To do: Your answer should consist only of the line with "Papier Cadeau Anniversaire" and the lines after it, reproduced exactly through the end of the entries below.
---------- Material provided
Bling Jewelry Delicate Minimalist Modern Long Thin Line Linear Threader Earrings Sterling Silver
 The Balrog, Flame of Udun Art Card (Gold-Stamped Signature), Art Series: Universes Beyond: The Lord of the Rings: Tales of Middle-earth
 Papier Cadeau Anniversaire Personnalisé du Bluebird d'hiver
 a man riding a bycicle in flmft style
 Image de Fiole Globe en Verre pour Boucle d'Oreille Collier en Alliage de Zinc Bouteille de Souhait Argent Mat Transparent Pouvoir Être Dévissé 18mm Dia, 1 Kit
--------------------
Written answer:
 Papier Cadeau Anniversaire Personnalisé du Bluebird d'hiver
 a man riding a bycicle in flmft style
 Image de Fiole Globe en Verre pour Boucle d'Oreille Collier en Alliage de Zinc Bouteille de Souhait Argent Mat Transparent Pouvoir Être Dévissé 18mm Dia, 1 Kit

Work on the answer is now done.